Function Differences with torch.nn.BatchNorm1d
torch.nn.BatchNorm1d
class torch.nn.BatchNorm1d(
num_features,
eps=1e-05,
momentum=0.1,
affine=True,
track_running_stats=True
)(input) -> Tensor
For more information, see torch.nn.BatchNorm1d.
mindspore.nn.BatchNorm1d
class mindspore.nn.BatchNorm1d(
num_features,
eps=1e-5,
momentum=0.9,
affine=True,
gamma_init='ones',
beta_init='zeros',
moving_mean_init='zeros',
moving_var_init='ones',
use_batch_statistics=None,
data_format='NCHW'
)(x) -> Tensor
For more information, see mindspore.nn.BatchNorm1d.
Differences
PyTorch:Batch normalization of the input 2D or 3D data.
MindSpore:The implementation function of the API in MindSpore is basically the same as that of PyTorch.
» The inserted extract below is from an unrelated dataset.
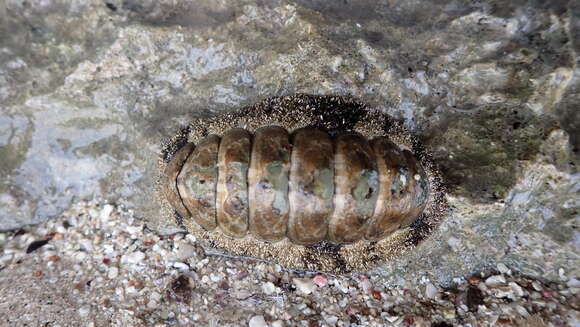 Image of Acanthopleura vaillantii Rochebrune 1882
The default value of the momentum parameter in MindSpore is 0.9, and the momentum conversion relationship with PyTorch is 1-momentum. The behavior of the default value is the same as that of PyTorch. The parameter update strategy during training and inference is different from that of PyTorch. For details, please refer to Differences Between MindSpore and PyTorch - nn.BatchNorm2d.
Categories |
Subcategories |
PyTorch |
MindSpore |
Differences |
---|---|---|---|---|
Parameters |
Parameter 1 |
num_features |
num_features |
- |
Parameter 2 |
eps |
eps |
- |
|
Parameter 3 |
momentum |
momentum |
The function is the same, but the default value in PyTorch is 0.1, and in MindSpore is 0.9. The conversion relationship with PyTorch’s momentum is 1-momentum, and the default value behavior is the same as PyTorch |
|
Parameter 4 |
affine |
affine |
- |
|
Parameter 5 |
track_running_stats |
use_batch_statistics |
The function is the same, and different values correspond to different default methods. For details, please refer to Typical differences with PyTorch - BatchNorm |
|
Parameter 6 |
- |
gamma_init |
PyTorch does not have this parameter, while MindSpore can initialize the value of the parameter gamma |
|
Parameter 7 |
- |
beta_init |
PyTorch does not have this parameter, while MindSpore can initialize the value of the parameter beta |
|
Parameter 8 |
- |
moving_mean_init |
PyTorch does not have this parameter, while MindSpore can initialize the value of the parameter moving_mean |
|
Parameter 9 |
- |
moving_var_init |
PyTorch does not have this parameter, while MindSpore can initialize the value of the parameter moving_var |
|
Parameter 10 |
- |
data_format |
PyTorch does not have this parameter |
|
Input |
Single input |
input |
x |
Same function, different parameter names |
Code Example
The two APIs achieve the same function and have the same usage.
# PyTorch
import torch
import numpy as np
from torch import nn, tensor
net = nn.BatchNorm1d(4, affine=False, momentum=0.1)
x = tensor(np.array([[0.7, 0.5, 0.5, 0.6], [0.5, 0.4, 0.6, 0.9]]).astype(np.float32))
output = net(x)
print(output.detach().numpy())
# [[ 0.9995001 0.9980063 -0.998006 -0.99977785]
# [-0.9995007 -0.9980057 0.998006 0.99977785]]
# MindSpore
import numpy as np
import mindspore.nn as nn
from mindspore import Tensor
net = nn.BatchNorm1d(num_features=4, affine=False, momentum=0.9)
net.set_train()
# BatchNorm1d<num_features=4, eps=1e-05, momentum=0.9, gamma=Parameter (name=gamma, shape=(4,), dtype=Float32, requires_grad=False), beta=Parameter (name=beta, shape=(4,), dtype=Float32, requires_grad=False), moving_mean=Parameter (name=mean, shape=(4,), dtype=Float32, requires_grad=False), moving_variance=Parameter (name=variance, shape=(4,), dtype=Float32, requires_grad=False)>
x = Tensor(np.array([[0.7, 0.5, 0.5, 0.6], [0.5, 0.4, 0.6, 0.9]]).astype(np.float32))
output = net(x)
print(output.asnumpy())
# [[ 0.9995001 0.9980063 -0.998006 -0.9997778]
# [-0.9995007 -0.9980057 0.998006 0.9997778]]